On November 04 2013 22:04 Osmoses wrote:
From the start everyone just agreed that sports meant hard physical work, and that an athlete was a practitioner of said hard work. There is a variance of course, of hard work vs technique/skill between different sports, but personally I'd draw the line where you no longer need strong muscles to compete.
The fact that the term "e-sport" caught on has nothing to do with the activity itself, and the participants are certainly not athletes, in the original sense of the word. And why change the meaning of an old word, making it more obtuse and less meaningful in the process, rather than making up a new one?
I think pro-gaming and pro-gamer does the job just fine.
From the start everyone just agreed that sports meant hard physical work, and that an athlete was a practitioner of said hard work. There is a variance of course, of hard work vs technique/skill between different sports, but personally I'd draw the line where you no longer need strong muscles to compete.
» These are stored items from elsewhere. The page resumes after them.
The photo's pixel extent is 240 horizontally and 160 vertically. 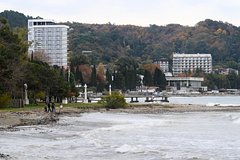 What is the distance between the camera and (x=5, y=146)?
24078mm

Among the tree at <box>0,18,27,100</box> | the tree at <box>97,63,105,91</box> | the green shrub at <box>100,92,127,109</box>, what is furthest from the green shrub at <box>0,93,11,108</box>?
the tree at <box>97,63,105,91</box>

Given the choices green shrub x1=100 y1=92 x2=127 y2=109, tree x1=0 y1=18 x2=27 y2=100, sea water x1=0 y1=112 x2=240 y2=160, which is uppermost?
tree x1=0 y1=18 x2=27 y2=100

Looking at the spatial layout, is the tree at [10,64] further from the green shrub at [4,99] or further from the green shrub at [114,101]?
the green shrub at [114,101]

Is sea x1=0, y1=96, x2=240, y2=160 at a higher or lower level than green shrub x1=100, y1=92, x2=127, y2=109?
lower

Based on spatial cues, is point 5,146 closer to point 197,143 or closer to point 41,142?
point 41,142

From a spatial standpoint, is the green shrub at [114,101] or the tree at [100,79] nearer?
the green shrub at [114,101]

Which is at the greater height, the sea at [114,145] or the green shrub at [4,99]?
the green shrub at [4,99]

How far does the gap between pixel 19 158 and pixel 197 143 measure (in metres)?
10.4

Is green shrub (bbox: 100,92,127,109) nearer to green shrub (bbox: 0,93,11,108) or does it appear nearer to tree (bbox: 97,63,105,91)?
green shrub (bbox: 0,93,11,108)

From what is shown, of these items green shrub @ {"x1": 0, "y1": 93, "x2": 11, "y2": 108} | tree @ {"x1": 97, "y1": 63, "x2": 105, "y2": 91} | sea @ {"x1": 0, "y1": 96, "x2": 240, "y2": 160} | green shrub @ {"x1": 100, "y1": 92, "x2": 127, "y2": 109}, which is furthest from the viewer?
tree @ {"x1": 97, "y1": 63, "x2": 105, "y2": 91}

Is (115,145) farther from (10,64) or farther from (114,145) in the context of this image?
(10,64)

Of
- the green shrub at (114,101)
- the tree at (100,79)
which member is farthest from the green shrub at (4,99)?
the tree at (100,79)

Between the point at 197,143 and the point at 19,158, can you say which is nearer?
the point at 19,158

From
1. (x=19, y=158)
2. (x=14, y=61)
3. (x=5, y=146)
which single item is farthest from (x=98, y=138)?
(x=14, y=61) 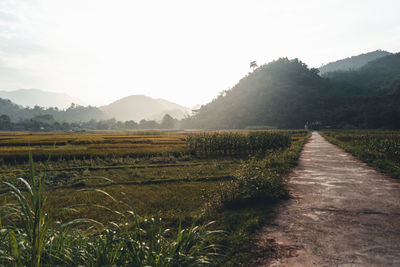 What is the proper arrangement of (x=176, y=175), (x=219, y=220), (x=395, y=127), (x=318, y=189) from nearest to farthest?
(x=219, y=220), (x=318, y=189), (x=176, y=175), (x=395, y=127)

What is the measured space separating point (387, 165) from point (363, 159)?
137 inches

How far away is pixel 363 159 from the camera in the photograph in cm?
1593

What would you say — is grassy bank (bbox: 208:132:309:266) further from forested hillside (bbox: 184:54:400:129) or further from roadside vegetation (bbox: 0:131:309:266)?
forested hillside (bbox: 184:54:400:129)

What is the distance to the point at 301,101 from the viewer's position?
473 feet

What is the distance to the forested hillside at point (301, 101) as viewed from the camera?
371 feet

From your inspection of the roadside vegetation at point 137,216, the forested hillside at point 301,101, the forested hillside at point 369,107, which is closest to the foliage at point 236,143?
the roadside vegetation at point 137,216

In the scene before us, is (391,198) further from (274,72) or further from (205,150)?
(274,72)

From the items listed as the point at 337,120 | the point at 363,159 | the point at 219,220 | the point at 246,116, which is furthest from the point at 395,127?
the point at 219,220

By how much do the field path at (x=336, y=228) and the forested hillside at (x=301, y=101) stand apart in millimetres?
112470

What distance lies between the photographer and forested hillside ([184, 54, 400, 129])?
113m

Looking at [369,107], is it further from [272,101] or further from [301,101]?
[272,101]

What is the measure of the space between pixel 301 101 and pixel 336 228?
155064mm

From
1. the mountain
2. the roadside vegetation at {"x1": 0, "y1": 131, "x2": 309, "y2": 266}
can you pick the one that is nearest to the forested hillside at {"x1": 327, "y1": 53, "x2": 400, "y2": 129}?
the mountain

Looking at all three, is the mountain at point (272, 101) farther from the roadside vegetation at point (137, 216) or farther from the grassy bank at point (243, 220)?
the grassy bank at point (243, 220) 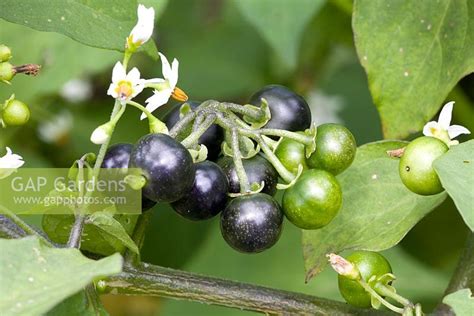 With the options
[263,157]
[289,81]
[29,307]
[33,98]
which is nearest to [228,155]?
[263,157]

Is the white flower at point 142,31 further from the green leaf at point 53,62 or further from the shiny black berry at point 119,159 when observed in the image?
the green leaf at point 53,62

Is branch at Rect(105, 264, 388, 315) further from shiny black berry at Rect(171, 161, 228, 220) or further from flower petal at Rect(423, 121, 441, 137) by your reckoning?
flower petal at Rect(423, 121, 441, 137)

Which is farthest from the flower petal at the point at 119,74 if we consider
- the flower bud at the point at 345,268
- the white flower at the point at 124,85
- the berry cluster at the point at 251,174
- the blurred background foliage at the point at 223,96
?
the blurred background foliage at the point at 223,96

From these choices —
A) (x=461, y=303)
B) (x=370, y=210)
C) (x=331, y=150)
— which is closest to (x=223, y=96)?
(x=370, y=210)

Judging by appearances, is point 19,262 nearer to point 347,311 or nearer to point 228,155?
point 228,155

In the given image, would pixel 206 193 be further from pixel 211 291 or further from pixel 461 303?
pixel 461 303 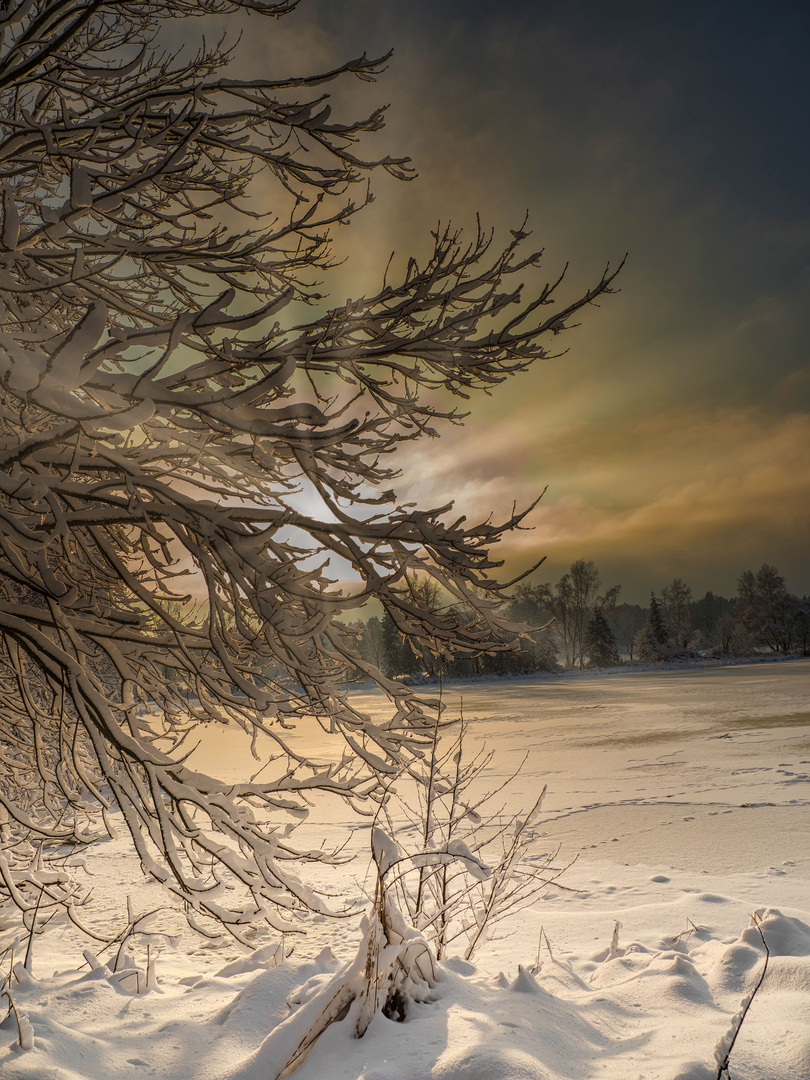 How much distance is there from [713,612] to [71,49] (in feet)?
306

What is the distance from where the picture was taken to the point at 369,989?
7.28 ft

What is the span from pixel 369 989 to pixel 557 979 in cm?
123

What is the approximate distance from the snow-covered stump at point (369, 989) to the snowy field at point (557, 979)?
4cm

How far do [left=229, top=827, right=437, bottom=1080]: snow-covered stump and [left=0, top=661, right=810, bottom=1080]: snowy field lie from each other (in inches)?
1.5

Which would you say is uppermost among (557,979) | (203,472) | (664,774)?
(203,472)

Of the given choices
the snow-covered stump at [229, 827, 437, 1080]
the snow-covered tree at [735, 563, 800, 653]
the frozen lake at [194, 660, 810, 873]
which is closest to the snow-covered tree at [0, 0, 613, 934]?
the snow-covered stump at [229, 827, 437, 1080]

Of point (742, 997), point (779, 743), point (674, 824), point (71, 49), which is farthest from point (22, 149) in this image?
point (779, 743)

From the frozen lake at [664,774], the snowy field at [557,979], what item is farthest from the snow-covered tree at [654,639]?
the snowy field at [557,979]

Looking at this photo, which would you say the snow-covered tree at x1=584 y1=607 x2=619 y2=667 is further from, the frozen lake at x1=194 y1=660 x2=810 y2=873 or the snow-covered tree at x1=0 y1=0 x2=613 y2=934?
the snow-covered tree at x1=0 y1=0 x2=613 y2=934

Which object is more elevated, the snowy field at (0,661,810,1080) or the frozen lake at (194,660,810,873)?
the snowy field at (0,661,810,1080)

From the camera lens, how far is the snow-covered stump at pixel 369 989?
2.11 meters

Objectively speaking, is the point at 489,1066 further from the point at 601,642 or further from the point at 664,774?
the point at 601,642

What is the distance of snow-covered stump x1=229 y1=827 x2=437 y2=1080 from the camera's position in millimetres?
2107

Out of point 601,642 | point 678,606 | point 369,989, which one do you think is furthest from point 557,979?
point 678,606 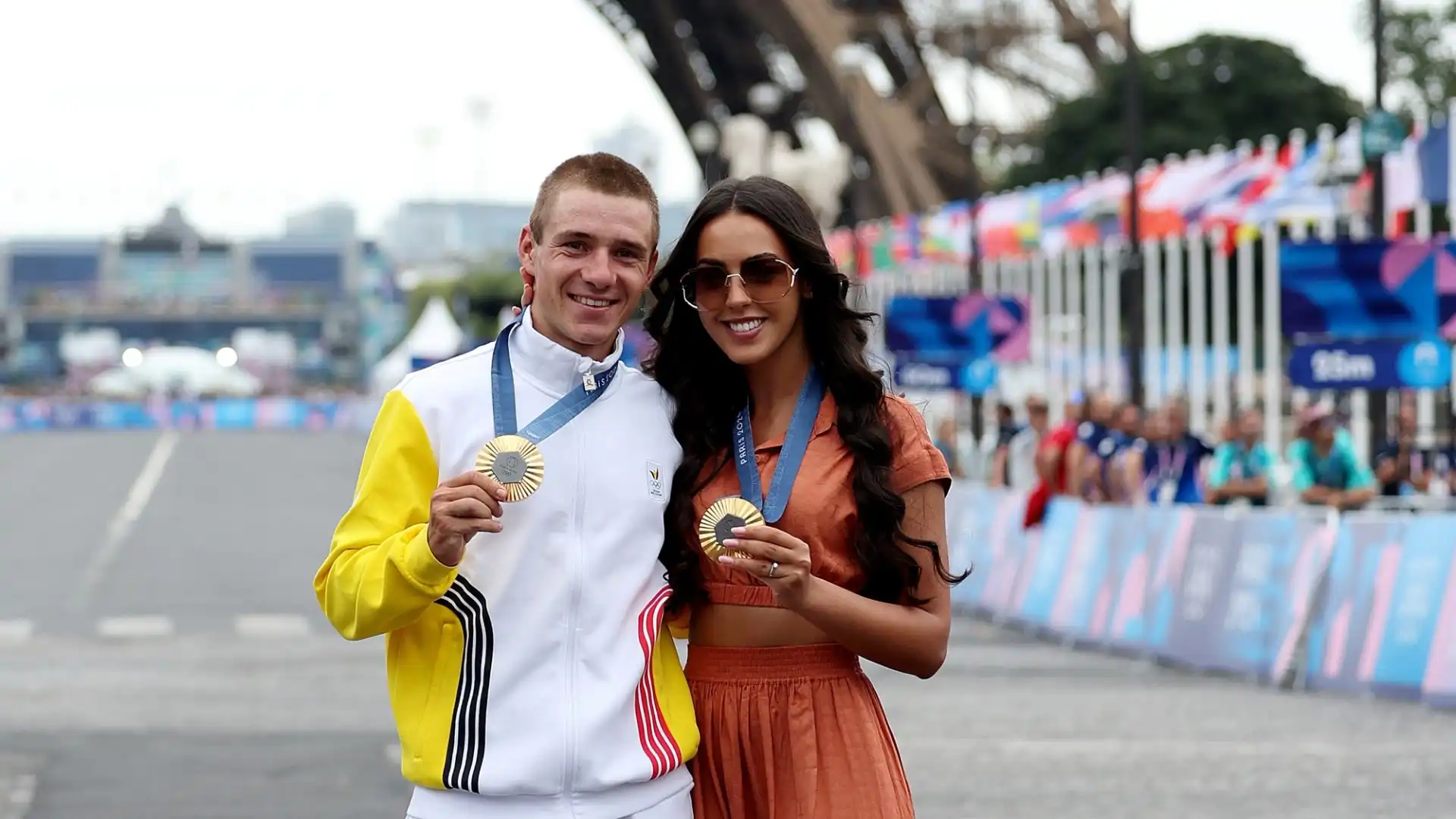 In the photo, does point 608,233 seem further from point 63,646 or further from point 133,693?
point 63,646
The fact that the term "e-sport" caught on has nothing to do with the activity itself, and the participants are certainly not athletes, in the original sense of the word. And why change the meaning of an old word, making it more obtuse and less meaningful in the process, rather than making up a new one?
I think pro-gaming and pro-gamer does the job just fine.
So what about racecar driving? What about Shooting? What about Archery? Curling, Bowling, Darts, horseback riding, fishing. Some of them are olympic. You need to be in a solid physical shape for most of them but you don't need "strong muscles" to compete.
edit: This is totally off-topic and a stupid discussion anyways.